For the above situation. In this chapter, virtual reality technology is used to realize layered reconstruction of 3D images: firstly, 3D images are layered based on virtual reality technology, and then layered reconstruction of 3D images is realized by triangulation algorithm. The specific steps of hierarchical reconfiguration are as follows:

  1. 1)

    Firstly, the virtual reality technology is used to layer the 3D image;

  2. 2)

    Set a point corresponding to the minimum value and the maximum value, and extract a total of four maximum values. The four maxima extracted represent the quadrangular coordinates of the corresponding containment rectangle of the scattered point set, and the circumscribed circle radius value and center coordinates of the containment rectangle are obtained to obtain the circumscribed circle coordinates of the containment rectangle;

  3. 3)

    Obtain the vertex coordinates of the circumscribed triangle corresponding to the circumscribed circle of the containing rectangle, and obtain the specific coordinates of the circumscribed triangle;

  4. 4)

    Taking the vertex coordinates of the circumscribed triangle as additional points, the three vertices are placed in the points group of the layered 3D image in a counterclockwise direction, and the circumscribed triangle is placed in the triangle array of the layered 3D image;

  5. 5)

    Insert data points point by point: Initialize the triangulation and insert data points point by point. First, the relationship between the three sides a, b, c and the insertion point V is judged by the CCW judgment method.

  6. 6)

    Find the triangles that the insertion point V can insert until a triangle mesh is formed, so as to realize the hierarchical reconstruction of the 3D image.

2.2 Image Preprocessing

When an image is sent to the computer as input information for processing, there is often noise due to various reasons, which is not suitable for the recognition of the machine vision system. Generally, the image will be preprocessed before entering the vision system. The preprocessing process is not a complete denoising process. Its main purpose is to enhance the useful information of the image and eliminate the unnecessary information as much as possible. In fact, Image preprocessing is the enhancement of useful information.

Histogram Equalization

Histogram equalization is a kind of point processing. The gray value distribution of most images is uneven, and there is often a phenomenon of centralized gray value distribution. The uneven distribution of gray values is very unfavorable for image segmentation and image comparison. The result of image equalization is that the number of pixels of each gray level is basically the same, so that the upper limit value of the histogram obtained does not have much difference, showing a horizontal state [7]. Histogram equalization can be done in the following ways:

$$ S_{D\left( {x,y} \right)} = N \cdot \frac{{\sum\limits_{a = 1}^A {h\left( a \right) \cdot D\left( {x,y} \right)} }}{A} $$
(1)

In the formula, \(S_{D\left( {x,y} \right)}\) represents the image output after histogram equalization processing, \(A\) represents the number of pixels, \(N\) represents the number of gray levels, \(D\left( {x,y} \right)\) represents the input image, and \(h\left( a \right)\) represents the histogram of the input image.
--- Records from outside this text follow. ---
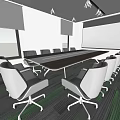 Modern Conference Room Interior With Long Table Multiple Chairs Projection Screen And Windows 3d model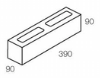 Line drawing of the 100 series standard half height grey block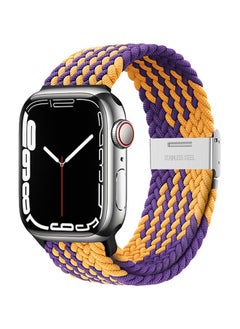 Watch Band Compatible with Apple Watch Band 42mm 44mm 45mm 49mm, for Men Women Adjustable Elastic Braided Nylon Watch Band, for Apple Watch Series9/8/7/6/5/4/SE/SE 2(Yellow/Purple)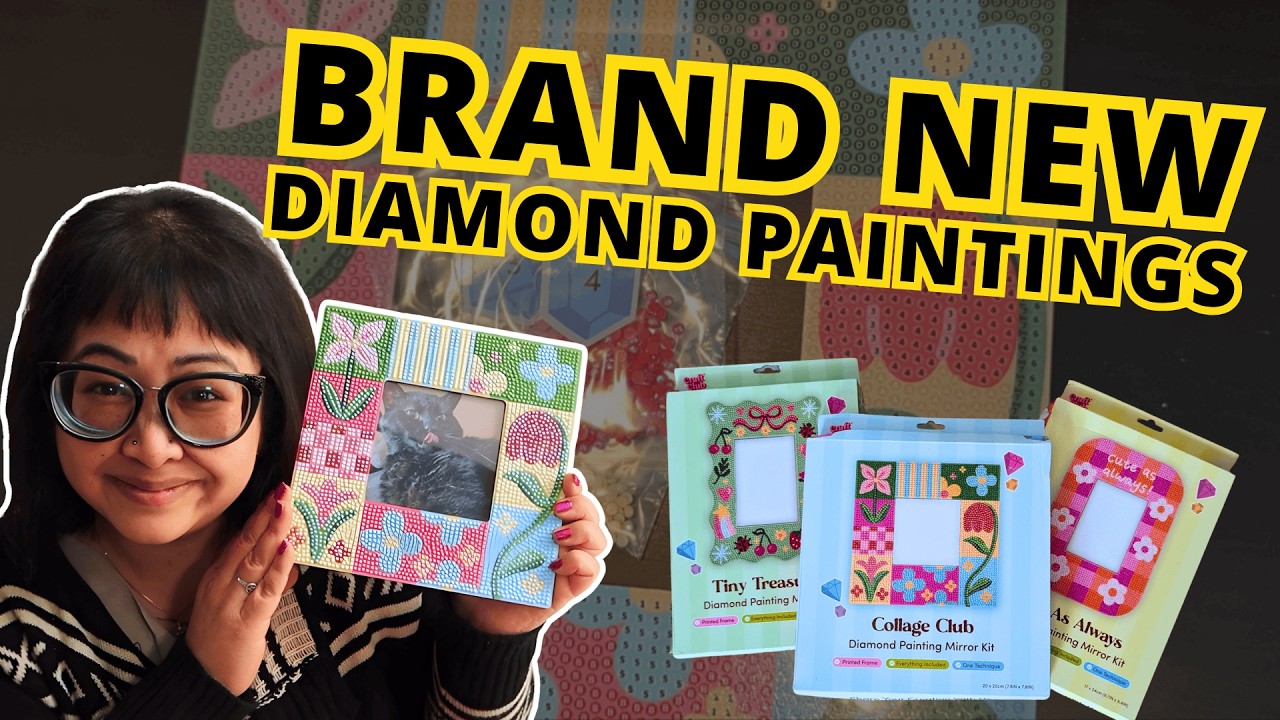 NEW Diamond Painting Kits | Craft Club Diamond Painting Mirror & Frame Unboxing, Process, Review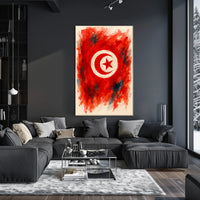 Radiant Abstract Tunisian Flag Interpretation Evoking Wanderlust Home Decor Art Poster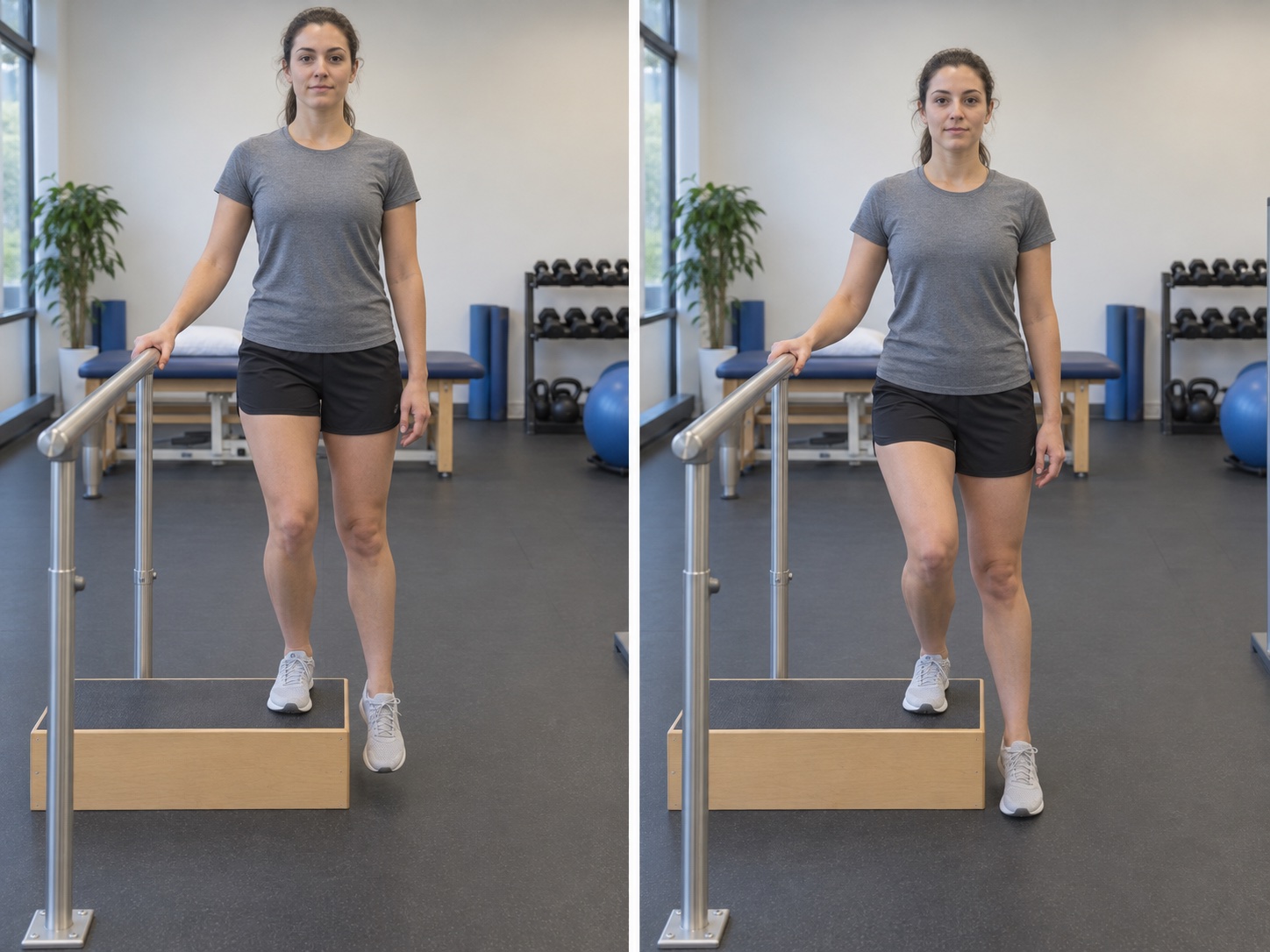 Step-Down for Pelvic Control: start and finish positions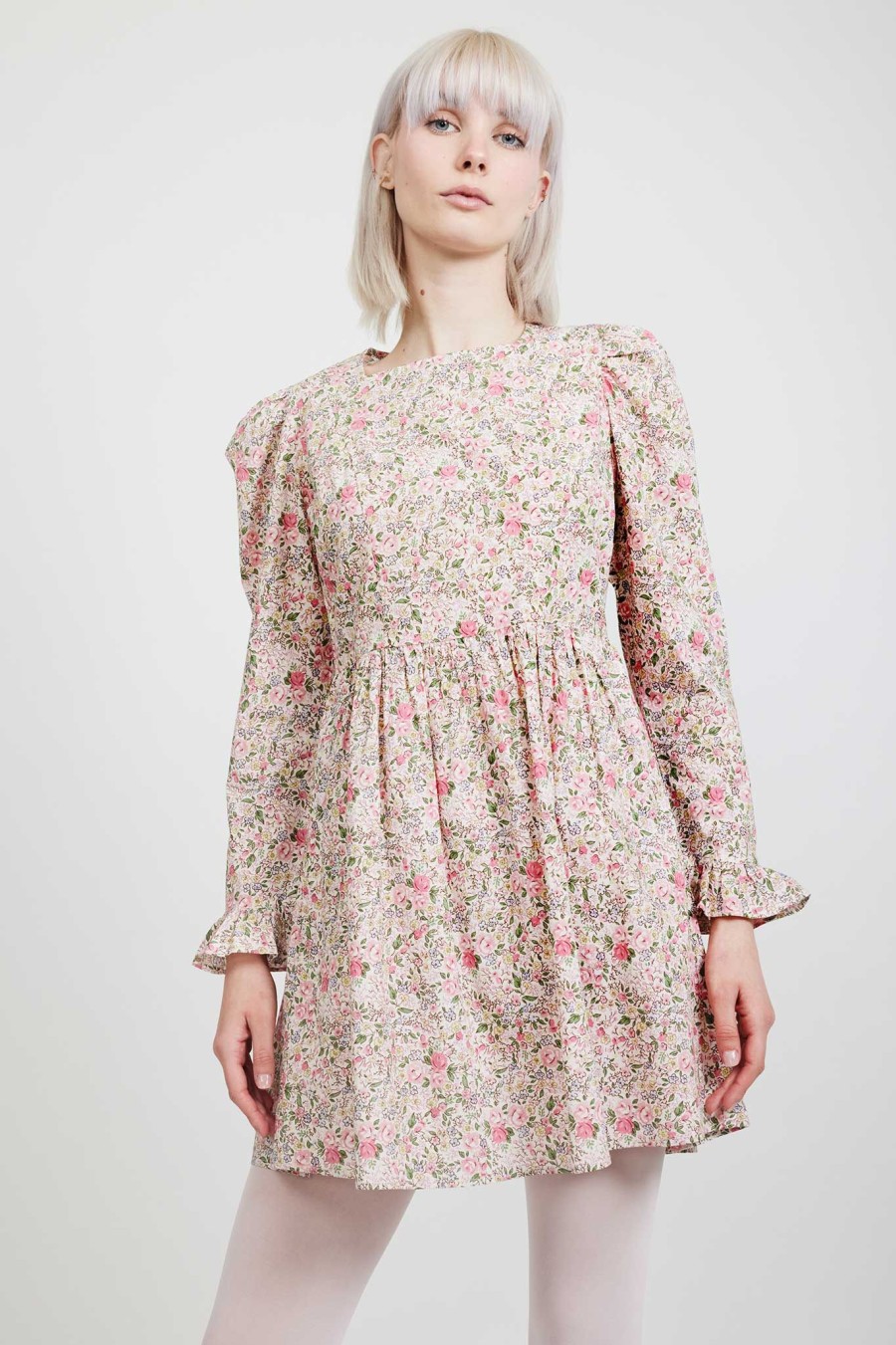 Women Batsheva | Laura Ashley X Batsheva Square Neck Mini Prairie Dress In Rowena Pink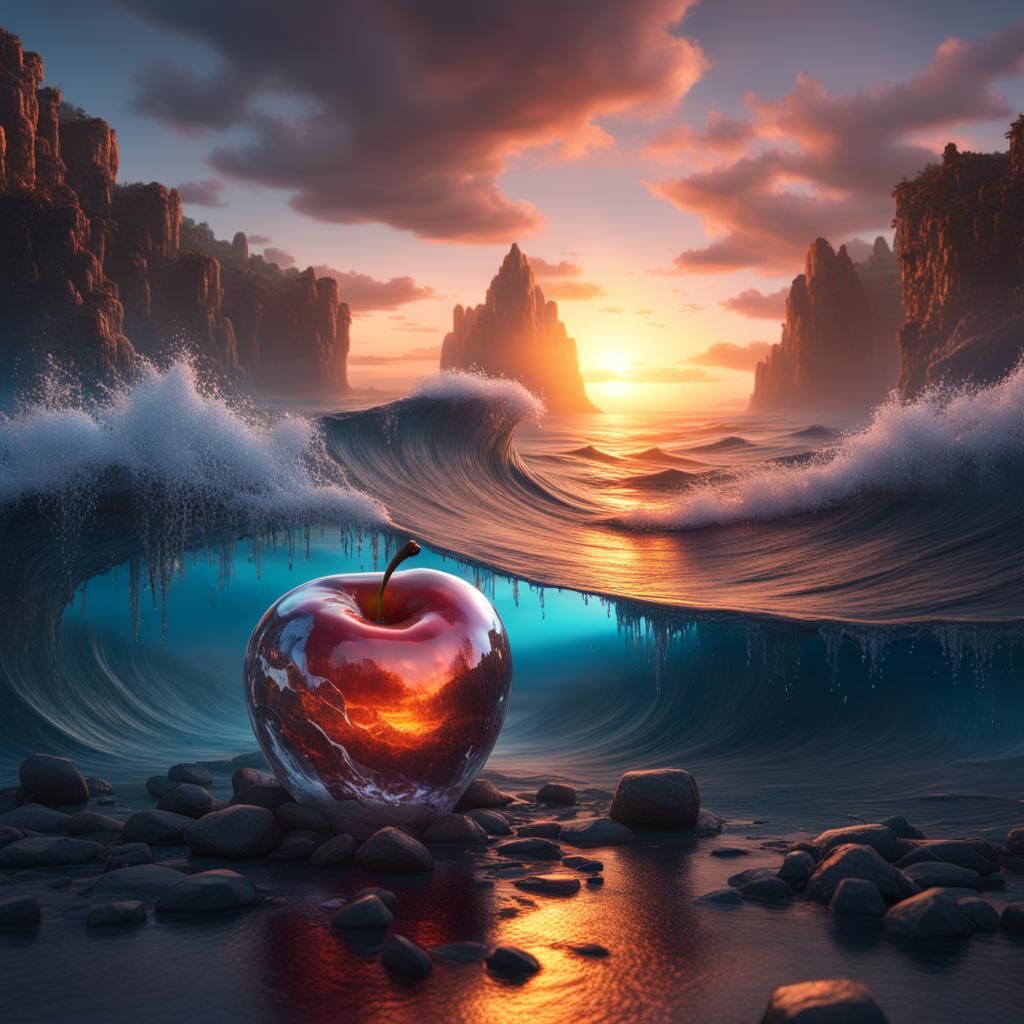 Crystal Apple Sunset: Detailed Matte Painting
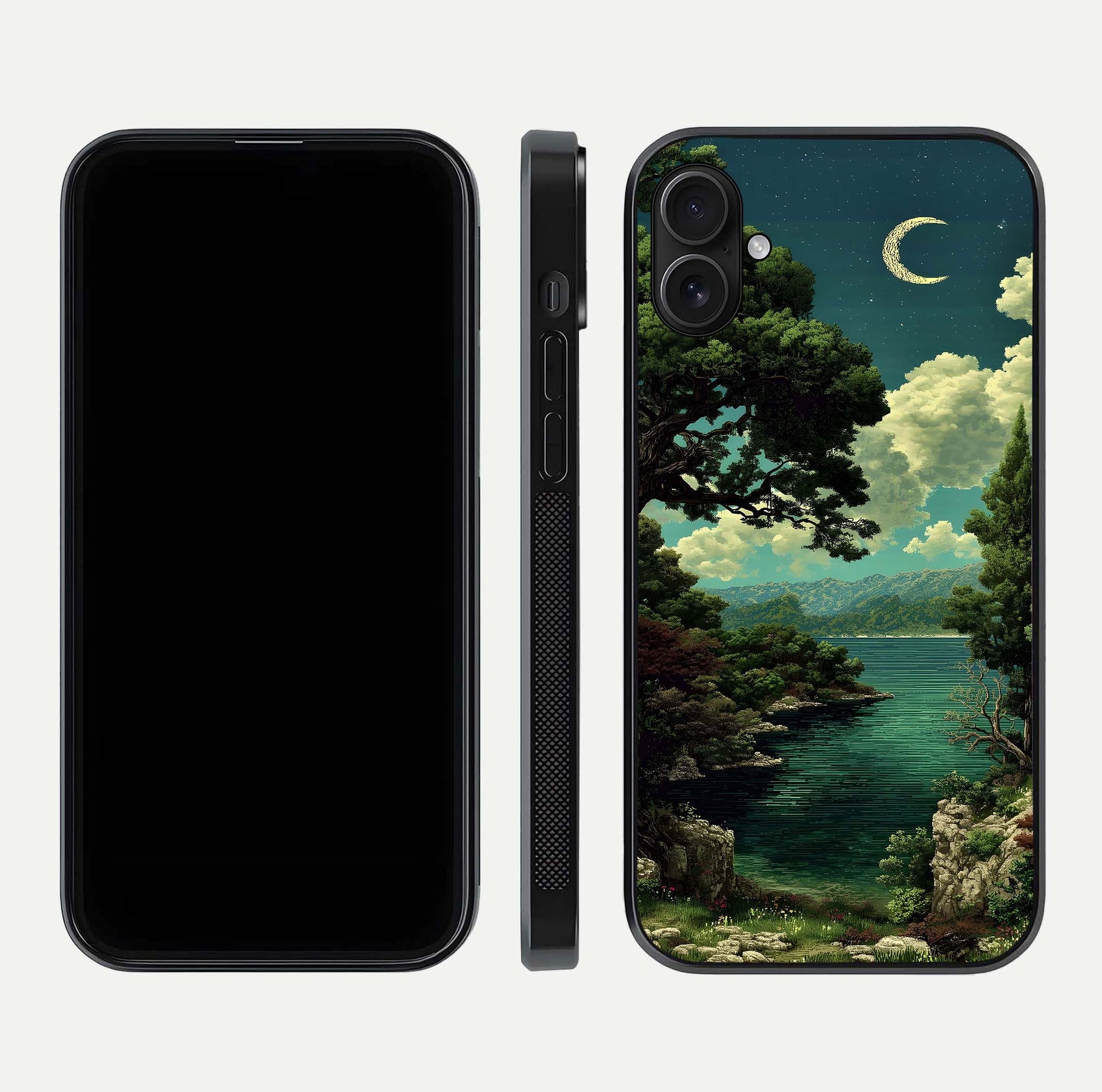 Celestial Lake Peace Glass Case for iPhone 16 Plus dual-view layout showing soft hues and HD shine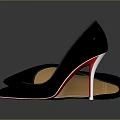 Elegant Black High Heels Featuring Red Heel Smooth Patent Leather Orange Lining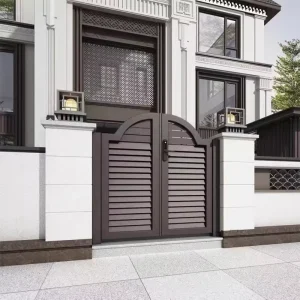 Custom Powder-Coated Double Aluminum Swing Security Gate Door for Villa Courtyard or Garden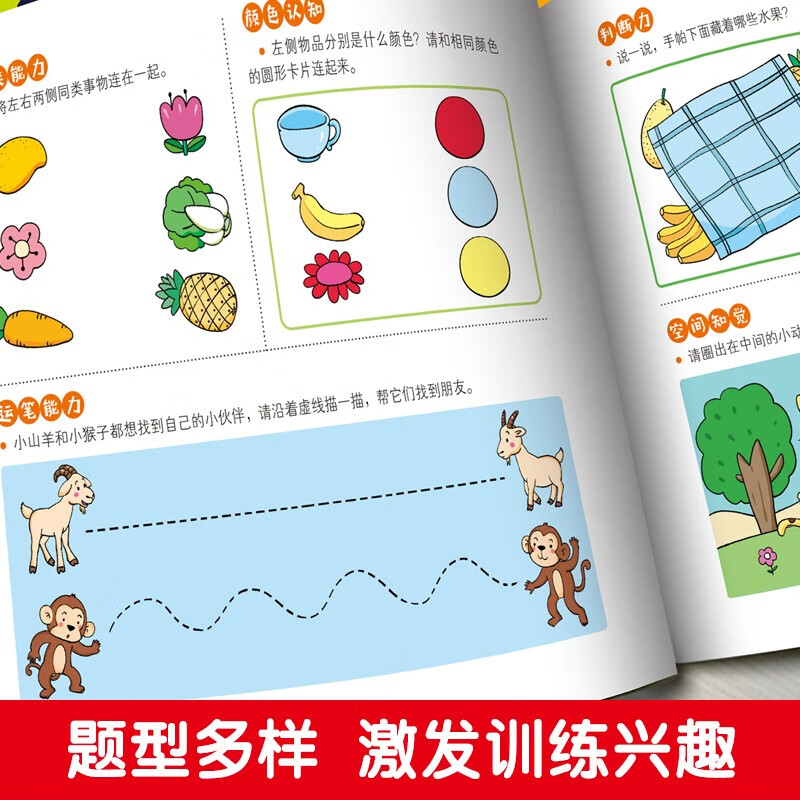Concentration training 1600 questions for 5-6 years old, brain potential development, improvement of observation and cognition, children's educational logical thinking training questions, green printing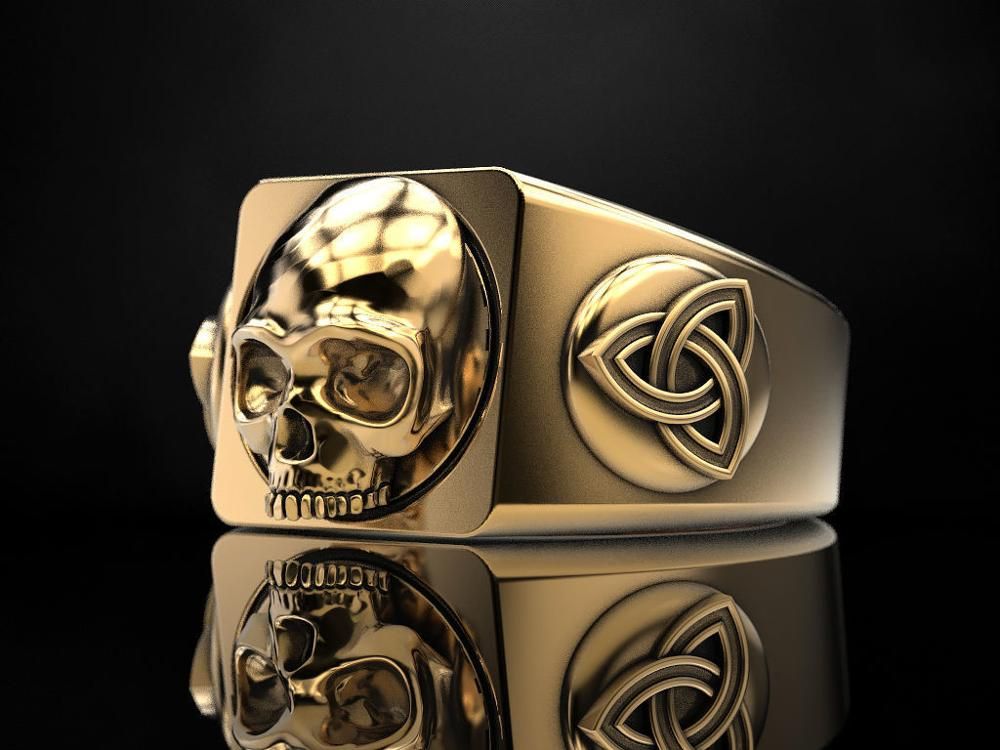 Fashion Viking Rune Skull Ring Men Odin Rune Hip Hop Viking Jewelry Ring for Men Anniversary Gift Party Accessories Size 7-13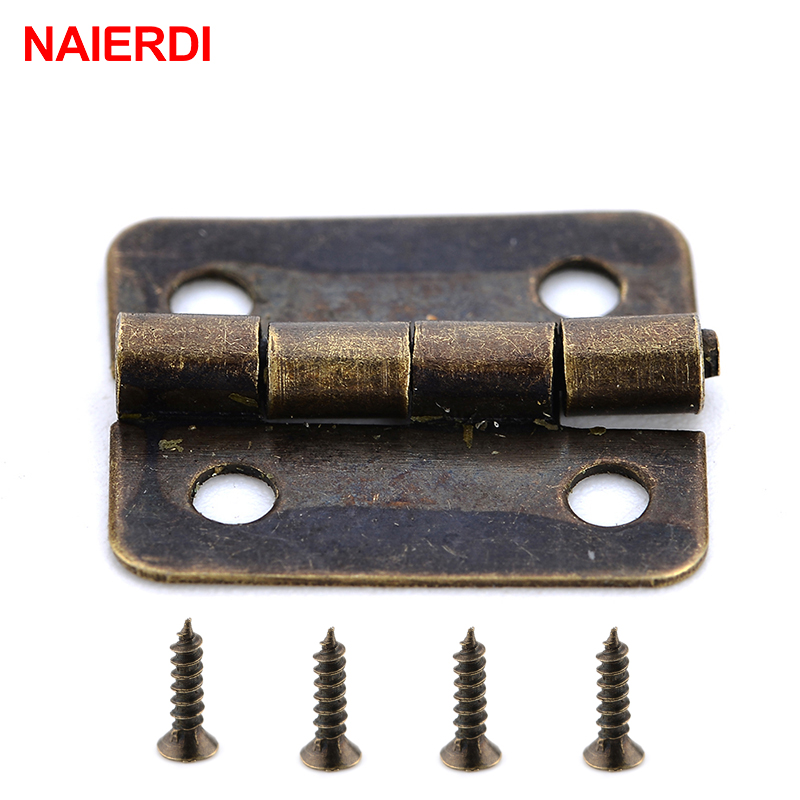 Furniture Hardware Gold - 50PCS NAIERDI Antique Hinge Mini Bronze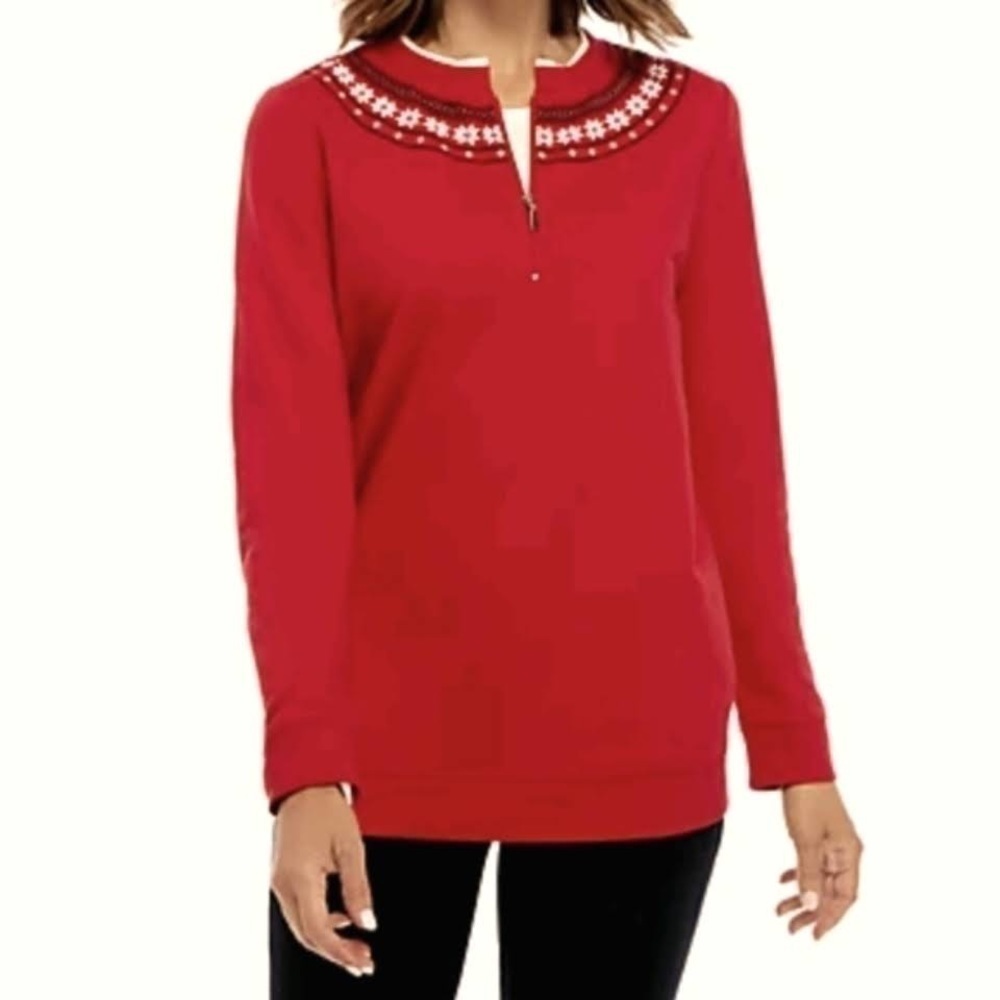 Kim Rogers‎ Women's Size Small Sweatshirt Red Fair Isle Quarter Zip Holiday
This method is relatively simple, but after the histogram is extended, the new histogram is still unbalanced, so the new histogram should be modified.

Image Denoising

Image information inevitably carries noise in the process of transmission, which will affect image recognition, so the process of denoising in image processing is essential [8]. Gaussian noise is a kind of noise with normal distribution. Linear filter can select the desired frequency from many frequencies, and it is also suitable for removing the unwanted frequency from many frequencies. It has an obvious effect on Gaussian noise.

Mean Filter

The mean filter is a relatively simple linear filter, which belongs to the local spatial domain algorithm. The value of each pixel is replaced by the average pixel value of its surrounding points to achieve the purpose of smoothing the image [9]. The specific formula is as follows:

$$ G\left( {x,y} \right) = \frac{{\sum\limits_{\left( {x,y} \right) \in F} {H\left( {x,y} \right)} }}{n} $$
(2)

In the formula, \(H\left( {x,y} \right)\) represents the original image, \(G\left( {x,y} \right)\) represents the filtered image, \(F\) is a neighborhood set generated around \(\left( {x,y} \right)\), and \(n\) is the number of all points in the neighborhood \(F\). The size of \(F\) determines the value of \(n\), and also determines the radius of the neighborhood. The mean filter will blur the image while eliminating noise, and the size of its radius will have a proportional impact on the blurriness of the image.

Gaussian Filter

The function of Gaussian filter is to eliminate Gaussian noise. It is a process of weighted average of image. For each pixel, the convolution template is used to weighted average the pixel gray values in the neighborhood to determine its value. Gaussian filtering can be realized by discrete window sliding window convolution or Fourier transform. The former is commonly used, but with the increase of the amount of calculation, the latter should be considered when it causes great pressure on time and space.

The discrete window sliding window convolution is completed by a separable filter, which is the one-dimensional decomposition of multidimensional convolution. Generally, two-dimensional zero mean discrete Gaussian function is used for noise removal. Equation (3) is the specific formula of two-dimensional zero mean Gaussian function.

$$ E\left( {x,y} \right) = e^{ - \frac{x^2 + y^2 }{{2d^2 }}} $$
(3)

In the formula, \(d\) is the standard deviation; \(E\left( {x,y} \right)\) is the Gaussian function; \(\left( {x,y} \right)\) is the point coordinate.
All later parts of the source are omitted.